Defining an "Agentic Workflow"
Why the term agentic workflow is too imprecise on its own, and how to describe LLM-enabled workflows more clearly.
Overview
You can’t. There, I said it. But let’s take a step back, first.
To start – probably obvious – before LLMs came around, all automated workflows were “deterministic”. Meaning: an engineer defined the workflow steps, inputs and outputs, conditionals, and all other structure in advance.
But the term “agentic workflow” has become too fuzzy to be useful on its own. This post describes:
- Deterministic Workflows Defined
- Agentic Workflows Defined
- Problematic Language
- Takeaways
TLDR: Always describe workflow functionality at the step level, and clearly define orchestration patterns. “Agentic workflow” could describe a workflow that is fully orchestrated and executed by an LLM, or it could describe a deterministic workflow with a single LLM call – it creates confusion. Workflow systems need to be iterated to support LLM use-cases and clearly present relevant metadata.
Deterministic Workflows Defined
A quick definition of “workflow” (what we now might call a “deterministic workflow”) is “a repeatable, observable process that coordinates one or more activities to turn a defined trigger or input into a defined outcome.”
That definition makes sense. Ansible is a simple example of a workflow orchestration system, with an Ansible playbook being an example of a deterministic workflow.
Agentic Workflows Defined
A common definition of an “agentic workflow” is “a process in which an LLM makes bounded decisions during execution.” A looser definition, which I hear more often, is “a workflow that has at least one LLM step.”
At first glance, these definitions seem fine. We’re essentially saying that a workflow is agentic if an LLM is invoked or makes decisions. But when you dig into the details, things get murky quickly. Consider three scenarios:
- A workflow where an LLM is responsible for all orchestration and decision-making: it decides what information to gather, which actions to take, what to do next based on the results, and when the work is complete.
- A workflow with a predefined beginning and end, but where an LLM controls a defined phase in the middle. During that phase, it makes several decisions about which steps to take within established guardrails.
- A workflow where all orchestration and steps are predefined except for one LLM decision at the end, when it selects between two final, preapproved steps.
The first example feels agentic without a doubt. The second feels somewhat agentic because the LLM makes meaningful decisions, despite being wrapped in a deterministic workflow. The third does not feel agentic because the LLM function is minimally meaningful.
But all three meet the common definition of an agentic workflow! In each case, an LLM makes bounded decisions during execution. These examples differ in the scope of the LLM’s control: most of the workflow, one phase, or one branch.
That is why workflow agenticness – yes, creating one term to advocate retiring another – is a spectrum. It is not as simple as deterministic versus agentic.
Problematic Language
Ambiguous terminology in engineering organizations can range from a minor inconvenience to a source of serious structural problems. In my experience, AI-agent terminology is prolific – easily the most confusing and frequently misunderstood that I’ve ever observed.
Since late-2025 I’ve frequently heard phrases like:
- “We will add an intelligence layer to …”
- “We will train the agent to …”
- “Replace our current workflows with agentic …”
Unless you’ve nailed down definitions upfront, this phrasing – in the best case – leads to wasted effort: a meeting stops while people clarify terminology: “You mean agentic, like an LLM is orchestrating?
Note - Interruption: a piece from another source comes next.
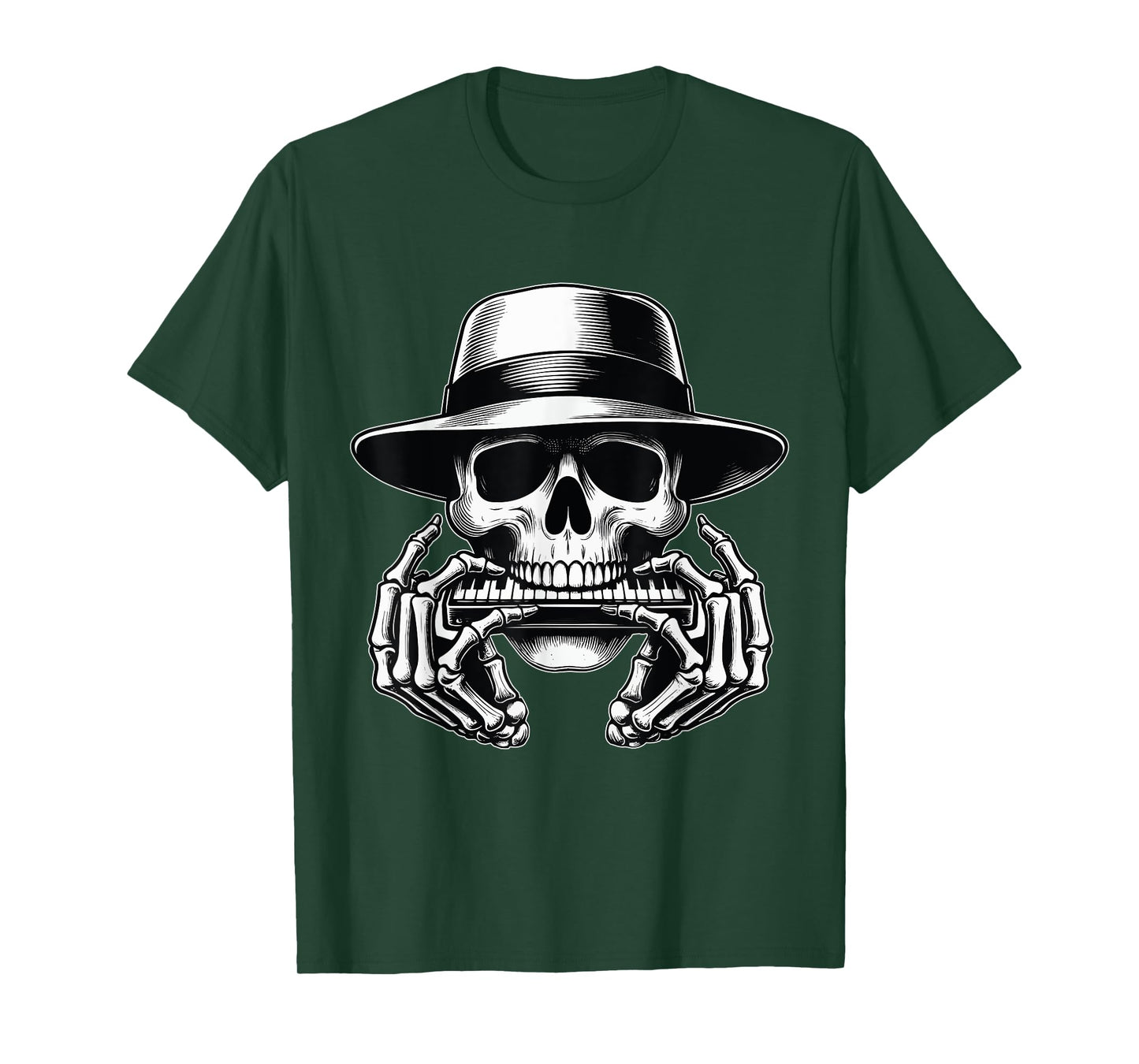 Skeleton Playing Harmonica Blues Musician Mouth Organ Player T-Shirt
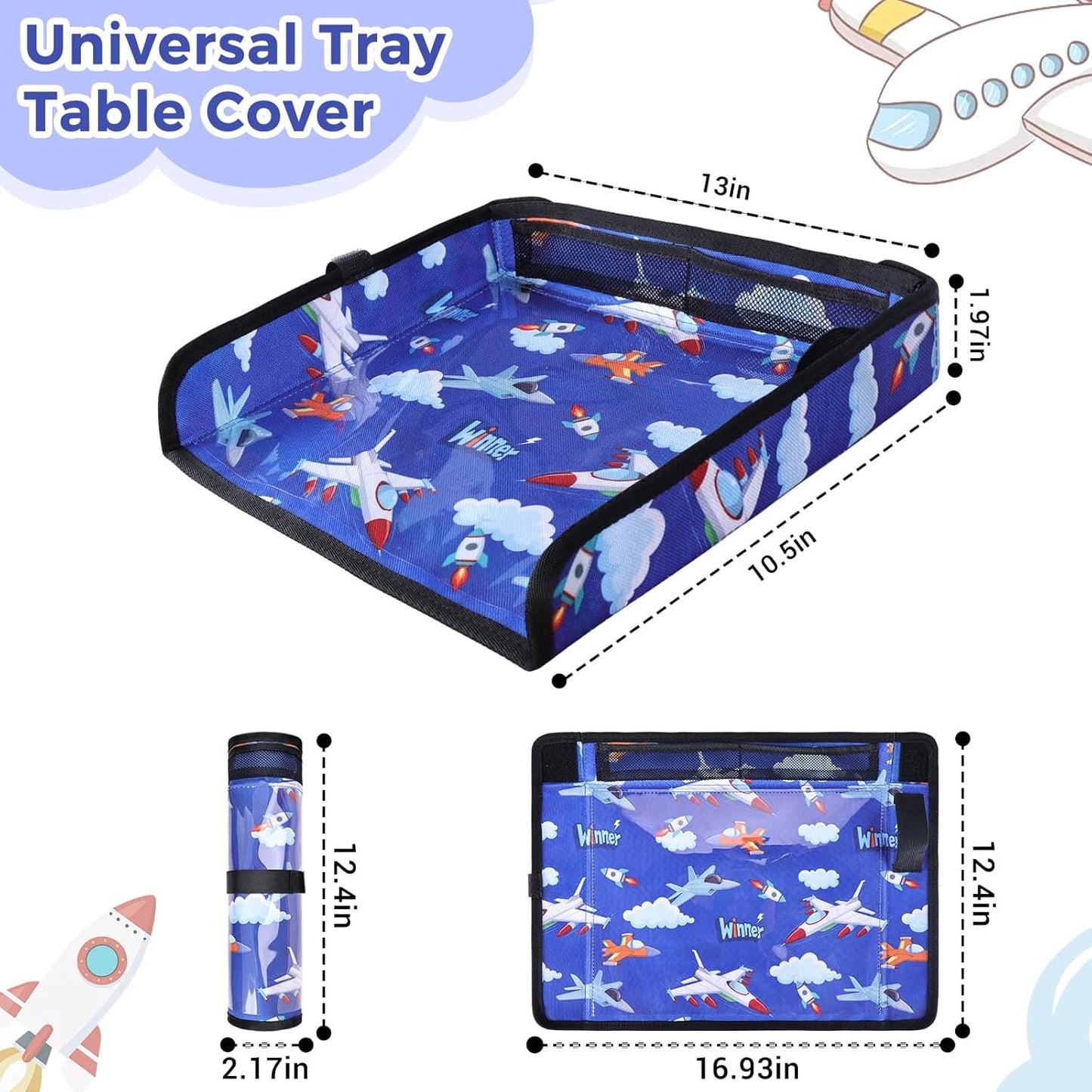 COOLBEBE Airplane Tray Table Cover, Foldable Travel Tray Cover for Toddlers 1-3, Universal Fit for Airplane, Car Seat, High Chair, Machine Washable, Portable, Blue Plane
Or agentic, like an LLM is called to execute X step?”.
Or worse, it creates meaningful misalignment between teams and in strategic planning. Imagine that a senior leader funds an “agentic workflow system.” Engineers extend an existing deterministic workflow framework to support an LLM step that can select a tool. Leadership expected a system that could broadly plan and orchestrate work. Both sides reasonably believe they delivered or requested an agentic workflow system, but they mean fundamentally different things.
Takeaways
Because it is not possible to easily set thresholds for how much agenticness a workflow needs to be agentic (e.g., full-blown orchestration vs. selection between two tools vs. execution of a single step), the term “agentic workflow” is too imprecise to stand on its own.
Instead, we should do the following:
- Agentic steps, not agentic workflows. Describe behavior at the step level, as opposed to generalizing the entire workflow. Modern workflows will commonly combine deterministic steps with LLM-assisted or LLM-directed steps. Describing behavior at the step level is simpler and will lead to less confusion.
- Clarify the orchestration pattern. Articulate if a workflow contains deterministic code for orchestration, or if an LLM is selecting steps. If an LLM is involved, describe the part of the workflow it controls and the guardrails that constrain it. Misunderstandings here can have high blast radius/impact.
- Workflow systems need to present LLM information. Ensure that your workflow systems clearly present step metadata so that operators understand if a workflow is using deterministic or LLM-driven steps – this is important for troubleshooting. If unable to iterate workflow systems for this functionality, then centrally document workflows, underlying steps, and step-types as a fallback.
The line between deterministic and agentic workflows will keep blurring. As we build systems to support these use-cases, our success is often dependent on how effectively we communicate.